You can either simply create a new document and populate all the
fields and add that document to the index, or you can add the unstored
fields to the document retrieved in step 1.
On Wed, 8 Dec 2004 17:53:26 -0500, Praveen Peddi
[EMAIL PROTECTED] wrote:
Hi all,
I have a question about updating the lucene document. I know that there 
is no API to do that now. So this is what I am doing in order to update 
the document with the field title.

1) Get the document from lucene index
2) Remove a field called title and add the same field with a modified 
value
3) Remove the docment (based on one of our field) using Reader and then 
close the Reader.
4) Add the document that is obtained in 1 and modified in 2.

I am not sure if this is the right way of doing it but I am having 
problems searching for that document after updating it. The problem is 
only with the un stored fields.

For example, I search as description:boy where description is a 
unstored, indexed, tokenized field in the document. I find 1 document. 
Now I update the document the document's title as descripbed above and 
repeat the same search description:boy and now I don't find any 
results. I have not touched the field description at all. I just 
updated the field title.

Is this an expected behaviour? If not, is it a bug.
If I change the field description as stored, indexed and tokenized, the 
search works fine before and after updating.

Praveen
**
Praveen Peddi
Sr Software Engg, Context Media, Inc.
email:[EMAIL PROTECTED]
Tel:  401.854.3475
Fax:  401.861.3596
web: http://www.contextmedia.com
**
Context Media- The Leader in Enterprise Content Integration

-
To unsubscribe, e-mail: [EMAIL PROTECTED]
For additional commands, e-mail: [EMAIL PROTECTED]

-
To unsubscribe, e-mail: [EMAIL PROTECTED]
For additional commands, e-mail: [EMAIL PROTECTED]


Re: partial updating of lucene

2004-12-09 Thread Praveen Peddi
If I store all the fields I am indexing, is it safe to get the document, 
update a fields and add it again to the search index?
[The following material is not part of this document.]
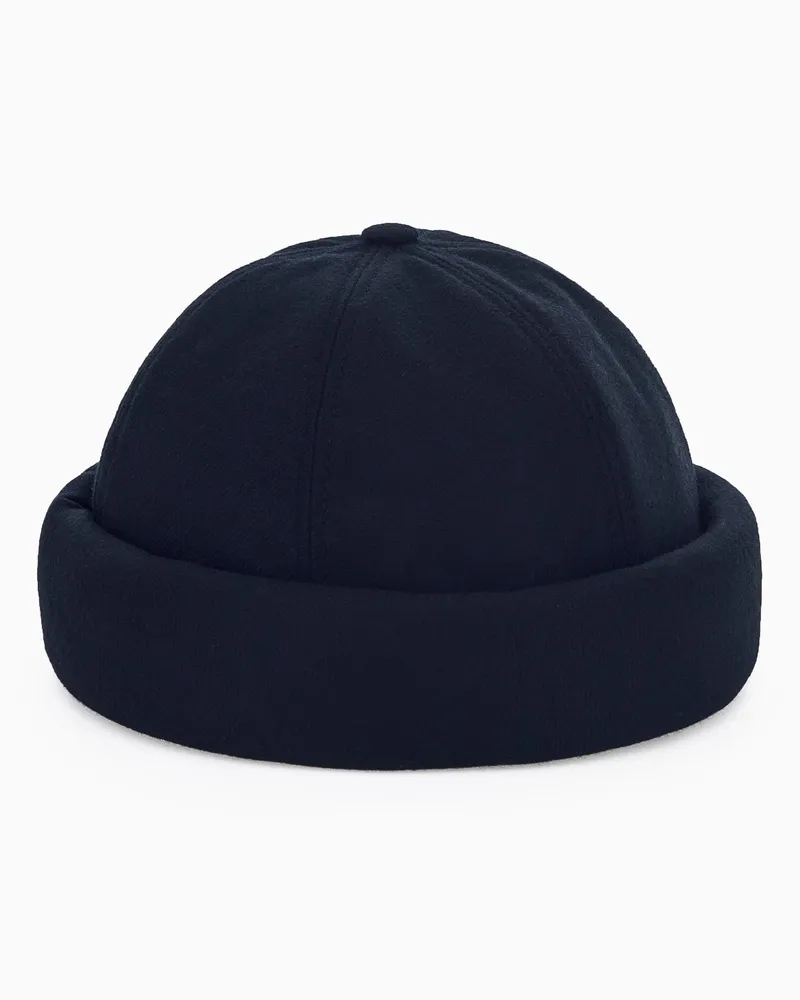 Giorgio Armani Docker-Mütze aus Wolle und Kaschmir mit Lederdetails Schwarz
I do not want to lose 
anything and I want to make sure that document is same before and after 
updating (execpt for the updated fields).

Praveen
- Original Message - 
From: Erik Hatcher [EMAIL PROTECTED]
To: Lucene Users List [EMAIL PROTECTED]
Sent: Thursday, December 09, 2004 10:00 AM
Subject: Re: partial updating of lucene


On Dec 9, 2004, at 9:48 AM, Praveen Peddi wrote:
But when I am searching, it only searches in the index. Stored fields are 
only used to display the results, not to search. Why would it lose the 
terms in the index when I retrieve the document?

First solution is not possible (I can't create a new document) since I 
only have modified fields.

When I get a document, doesn't the fields have indexed terms along with 
it? Is there no way to get a full document (along with indexed terms) and 
clone it and add it to the index?

Well is there anyway I ca update a document with just one field (because 
I only have data for that one field)?
A Document only carries along its *stored* fields.  Fields that are 
indexed, but not stored, are not retrievable from Document.

Have a look at the tool Luke (Google for luke lucene :) and see how it 
does its Reconstruct and Edit facility.  It is possible, though 
potentially lossy, to reconstruct a document and add it again.

Erik
-
To unsubscribe, e-mail: [EMAIL PROTECTED]
For additional commands, e-mail: [EMAIL PROTECTED]


-
To unsubscribe, e-mail: [EMAIL PROTECTED]
For additional commands, e-mail: [EMAIL PROTECTED]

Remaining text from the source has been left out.